His Deputy Assistant Director for Counter Terrorism shook his head as he peeled the lid off a large coffee. “I don’t know, sir. Night vision scopes?”
“Not possible. The Photo Analysis geeks brought some of our Hostage Rescue guys in to take a look at the overheads. They said the
closest place a sniper could set up for some of these shots was half a mile away. Said it would take a fifty cal for a shot like that.” He grabbed his assistant's coffee, took a quick sip. “And all we’ve recovered are a few seven millimeter bullets. A single thirty ought-six from the Pacific Northwest shooter.”
He shoved the styrofoam cup in the SOB's chest, splashing him with weak coffee. “You better come up with some answers, PDQ, or you can start packing gear for the Arctic Circle. And find someone who knows how to make coffee.”
—o—
Kat stayed on Five, working with Levon and Major Machler, who quickly saw why her young boss had brought the girl on board. At midnight they heard the distinctive thwop thwop of a helicopter overhead. A few minutes later Secretary Edgerton appeared in the doorway of the place Kat still thought of as the ‘Houston we have a problem’ room. Most of the bleary-eyed day shift had straggled off for a few hours of sleep. The few who remained stared at screens, talking softly on headsets.
Levon gave the Secretary a brief rundown of what he had, which wasn’t much, given that twenty-three people had devoted the past nine hours to the situation.
Edgerton said, “I had FEMA spool up their Fusion Centers. But don’t expect anything earth shattering from them. Weather-related disasters are about the limit of their abilities.
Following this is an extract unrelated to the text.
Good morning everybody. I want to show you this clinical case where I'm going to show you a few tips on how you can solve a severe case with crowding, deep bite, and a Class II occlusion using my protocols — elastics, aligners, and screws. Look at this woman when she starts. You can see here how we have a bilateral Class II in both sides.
From what the AG tells me, the FBI isn’t doing any better. Nobody seems to be able to think on their feet anymore.” He dropped his chin on his chest and his voice to baritone, then did a credible FBI Director. “First thing we do is establish a task force to initiate a study group.” He checked his audience, seeking plaudits. Levon and Geneva knew the drill, and gave him an appreciative chuckle.
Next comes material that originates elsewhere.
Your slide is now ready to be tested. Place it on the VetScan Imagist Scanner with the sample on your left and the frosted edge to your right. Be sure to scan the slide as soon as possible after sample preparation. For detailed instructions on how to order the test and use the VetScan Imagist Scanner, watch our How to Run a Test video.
He turned to Kat, asked if she could rustle up a pot of fresh coffee. He tossed Geneva a grin. “I’d ask Major Machler, but she frightens me.” The major made a low jungle noise in her throat which could indeed be construed as scary. “Bring it to my office, Miss, ah, ah-” He snapped his fingers. “Sinclair; Kat, not Kathy,” he said, and headed to Six with Levon.